»»

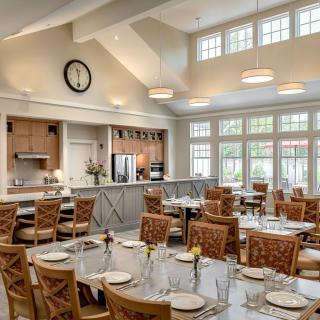 A bright and spacious dining room with set tables and a view of the kitchen area.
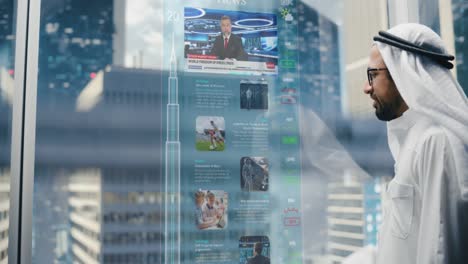 successful muslim businessman in traditional white clothes checking news messages on futuristic augmented reality screen in glass elevator in business center. saudi, emirati, arab businessman concept.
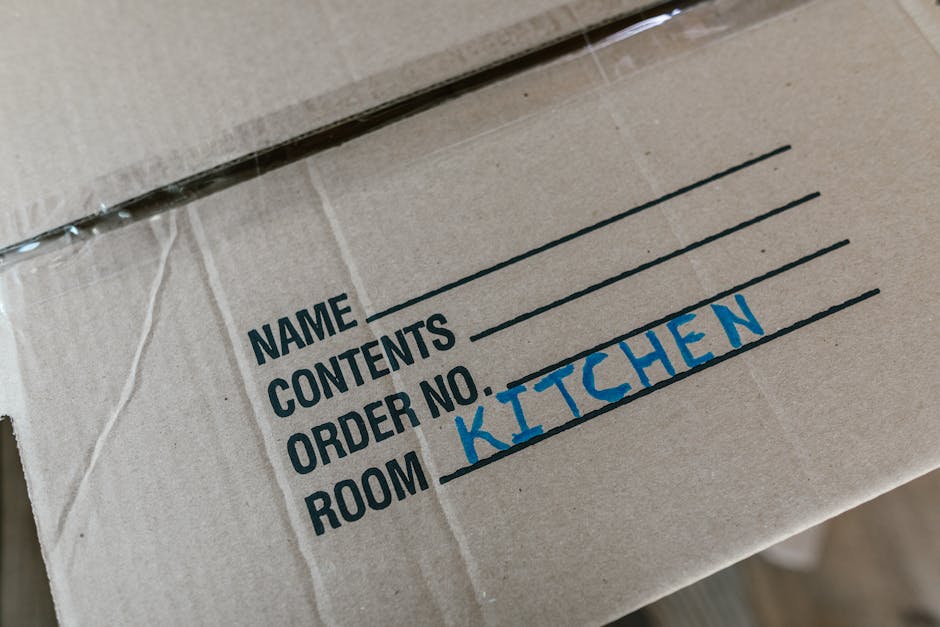 A young man and woman are outside in a street, engaged in a home relocation or packing process. The man is carrying two cardboard boxes labeled 'BOOKS' and 'KITCHEN' with white paper and black text, i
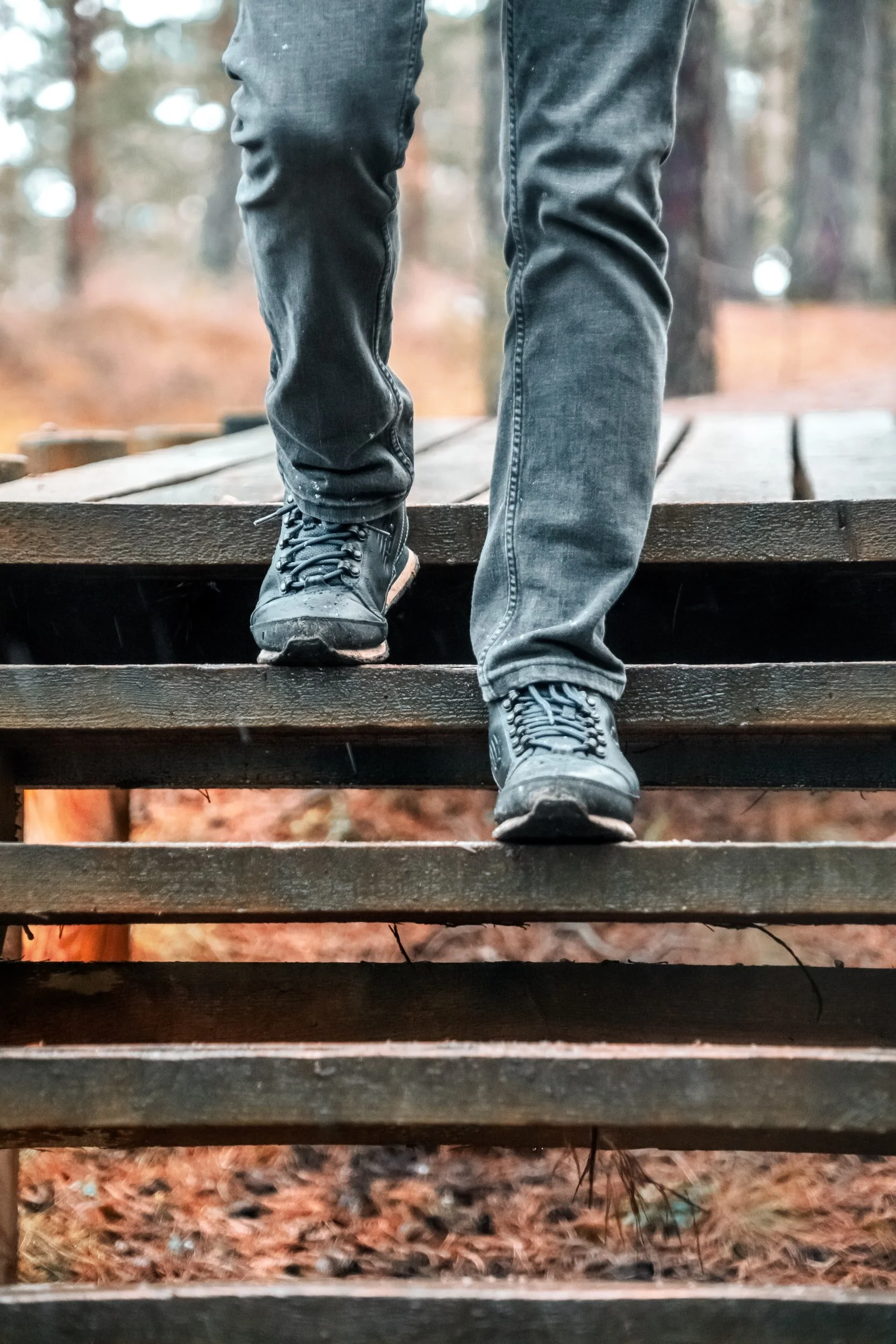 Where is the boy walking?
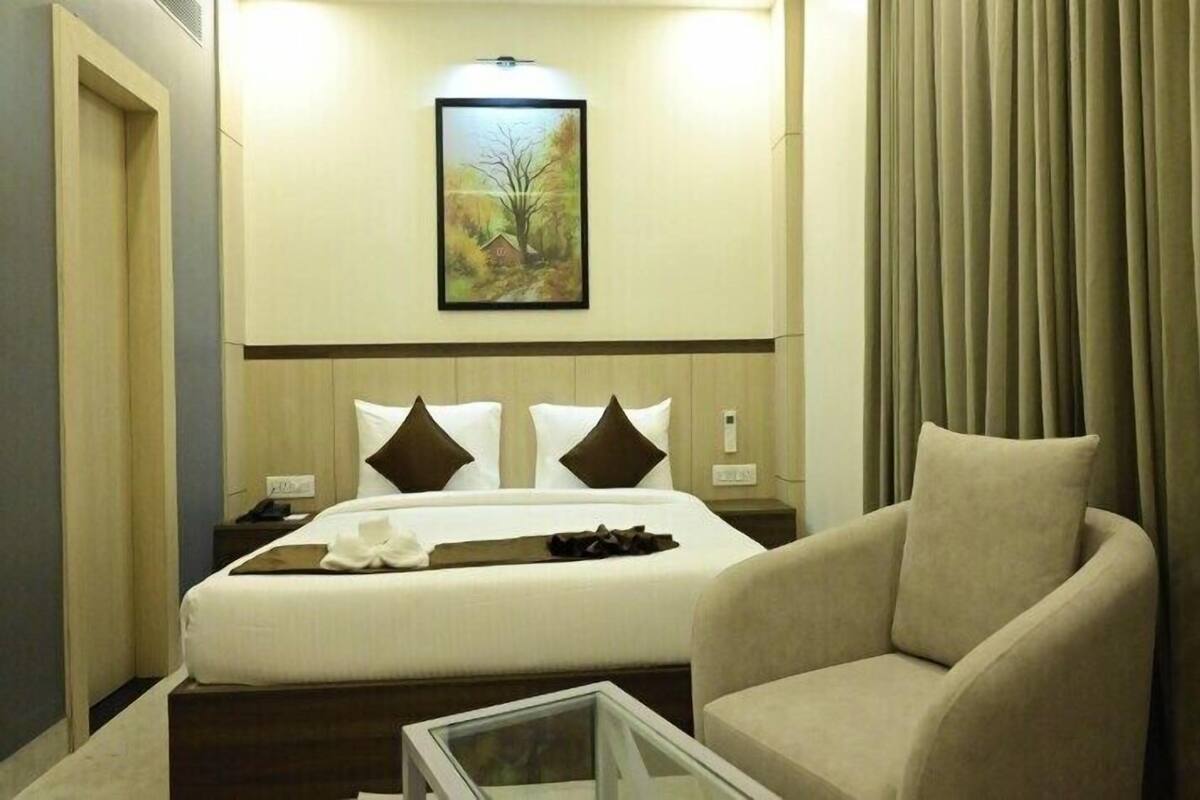 A hotel room with a bed, a chair, a bedside table, a nightstand, a framed picture on the wall, and a window with curtains.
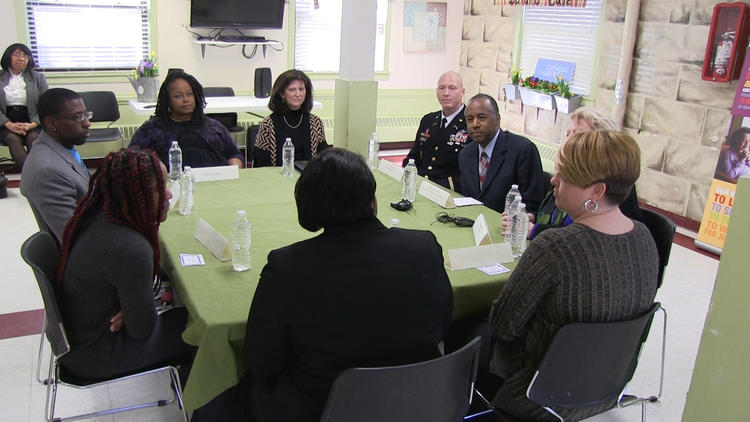 A group of nine adults sit around a rectangular table covered with a green cloth, engaged in discussion. Bottled water and name cards are on the table. The setting appears to be a community or meeting room.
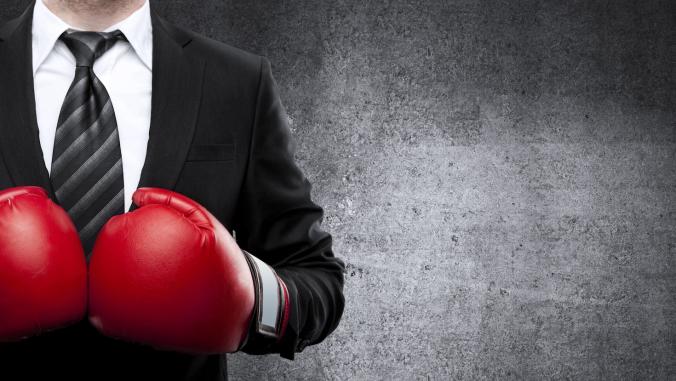 Business person wearing boxing gloves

««

## DIRECTIONS
Repeat the exact lines from the first line of the data through the line containing "A group of nine". Nothing else, no pictures.

## EXPECTED ANSWER
 A bright and spacious dining room with set tables and a view of the kitchen area.
 successful muslim businessman in traditional white clothes checking news messages on futuristic augmented reality screen in glass elevator in business center. saudi, emirati, arab businessman concept.
 A young man and woman are outside in a street, engaged in a home relocation or packing process. The man is carrying two cardboard boxes labeled 'BOOKS' and 'KITCHEN' with white paper and black text, i
 Where is the boy walking?
 A hotel room with a bed, a chair, a bedside table, a nightstand, a framed picture on the wall, and a window with curtains.
 A group of nine adults sit around a rectangular table covered with a green cloth, engaged in discussion. Bottled water and name cards are on the table. The setting appears to be a community or meeting room.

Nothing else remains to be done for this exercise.